After they sent the personalized videos, the engagement went off the charts. They sent it to about 10,000 students, but it had twice as many views. They had a record number of enrollments that year. This was because they were able to create a personal connection with their students. They found a way to tap into the passions of their students through video.
How to Overcome the Disadvantages of Video
While video has become an increasingly popular form of content, there are some disadvantages to it.
Video isn’t as skimable as other content such as text. If a customer only had a few minutes to consume content, they could easily skim a blog post and gain value out of it. However, video is a linear playback format. Consumers can’t easily skip through the video to pull out the main message as fast as possible. They often have to commit to watching the entire video. Because of this, we have to be more respectful of our audience’s time. We can ask ourselves, “Can I cut this 10-minute video into five minutes and still get my point across?”

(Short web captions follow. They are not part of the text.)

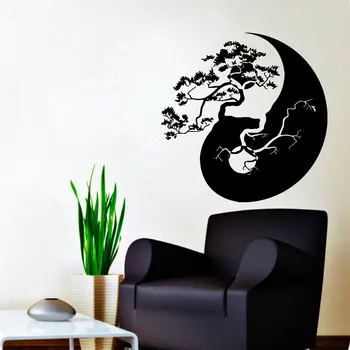 Strom Bonsai Yin Yang Vzor Umenie Navrhnutý tak, Stena Nálepky Domov obývaciu izbu Módne Štýlové Nástenné Maľby Vinyl Vymeniteľné Odtlačkový WM-142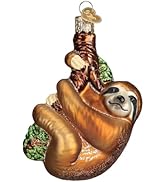 Old World Christmas Smiling Sloth Hugging Branch Glass Blown Ornament for Christmas Tree, Handcra...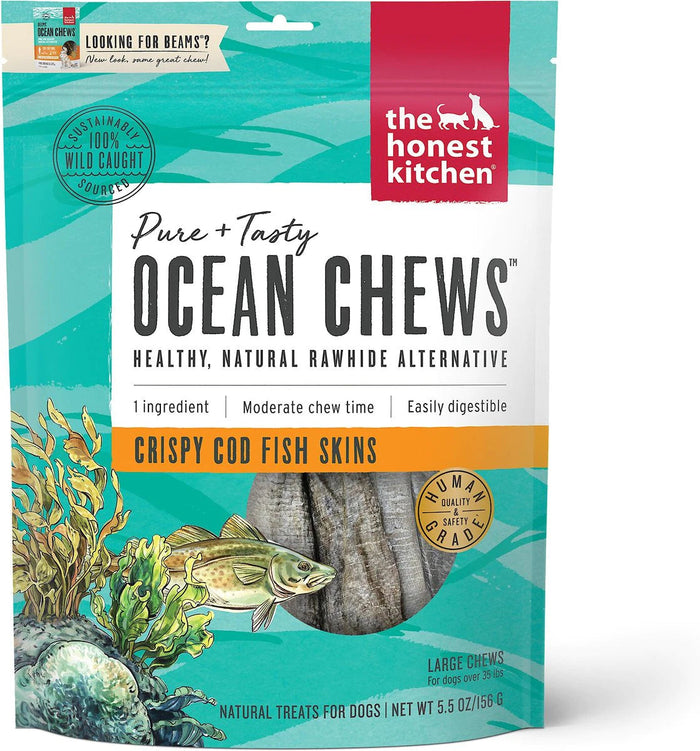 Honest Kitchen Dog BEAMS Ocean Chews Cod - Large - 5.5 Oz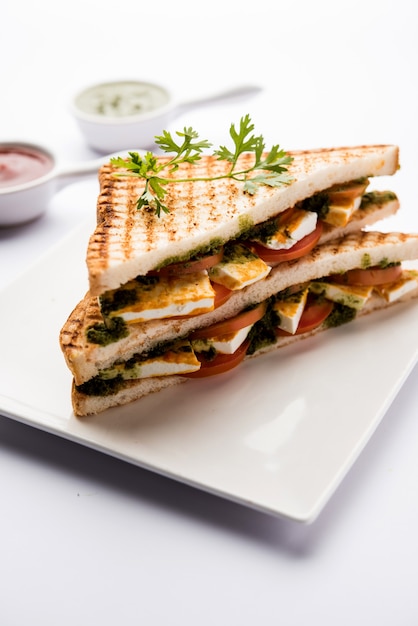 Paneer Sandwich - using Indian cottage cheese and vegetables and chutney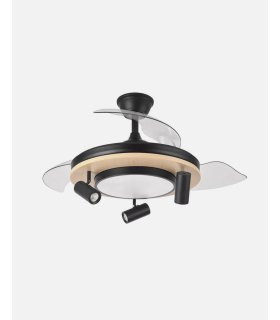Ventilador Gladiator  107 cm negro/madera con aspas retráctiles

Often, the shorter the video, the better, although it still depends on the content in the video and the platform it is published on. For example, people on YouTube are much more willing to watch a 20-minute video than someone on Instagram or Facebook. In order to properly leverage video, we should be very conscious of the length and our customers’ time.
Another key thing to be aware of is that video can be a window into our personality and brand. If we use it right, it should amplify our brand and be a great advantage to us. It could stir more emotion and make us more memorable. On the flip side, if we don’t do video well, it could also amplify the negative sides of our brand.
“We want to be conscious of how we can really lean into making this a front face of our brand that draws people in and leaves them with the impression we want to leave them with,” Tyler said.
Another disadvantage of video is that it can be difficult to rank high in search results. Since Google typically ranks text, it would be easier for a blog post to rank higher than a video. While SEO is changing and we are starting to see more videos ranked in Google, it still isn’t quite as easy as text. So, how can we rank as high as possible?
A great way to combat this is to do more SEO and keyword research. We can create titles for our videos filled with keywords or a common question our customers search. Some businesses will do additional SEO research on YouTube and look for keywords. Even if we can’t rank highest on Google, we can try to rank the highest on other platforms. We can also consider including our video with the transcript or a blog post to help Google properly rank our content.
There is a sort of artificial barrier when it comes to creating video content. Many businesses or entrepreneurs think they don’t have the right skills to create their own video content. However, we just need to push past it. We should all get to the point in our businesses where it is just as easy to create a video as it is to create a blog post.
One way we can do this is by practicing and creating a culture of video in our workspaces. We can find mentors to help teach us and then we can begin using videos internally. It could be as easy as recording ourselves answering questions or recording a screen share presentation. These little things can build our confidence and muscle memory.
Thank you so much Tyler for sharing your stories and insights with us today. Here are some of my key takeaways from this episode:
- As a business, we should focus on the customer’s current experience while also looking one to two years ahead and watching for major tectonic shifts.
- Video marketing has become one of the most important tectonic shifts we can leverage today.
- Video creates personal connections with our audience, shows transparency, creates more trust, and feels more authentic.
- With video we should be respectful of our audience’s time. We should also be conscious of the keywords we use to help our SEO.